▸ **Supplied information**
::::

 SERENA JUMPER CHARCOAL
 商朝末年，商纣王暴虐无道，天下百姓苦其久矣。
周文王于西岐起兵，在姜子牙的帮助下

::::

Please transcribe the entire listing exactly as given.

▸ **Solution to this exercise**
 SERENA JUMPER CHARCOAL
 商朝末年，商纣王暴虐无道，天下百姓苦其久矣。
周文王于西岐起兵，在姜子牙的帮助下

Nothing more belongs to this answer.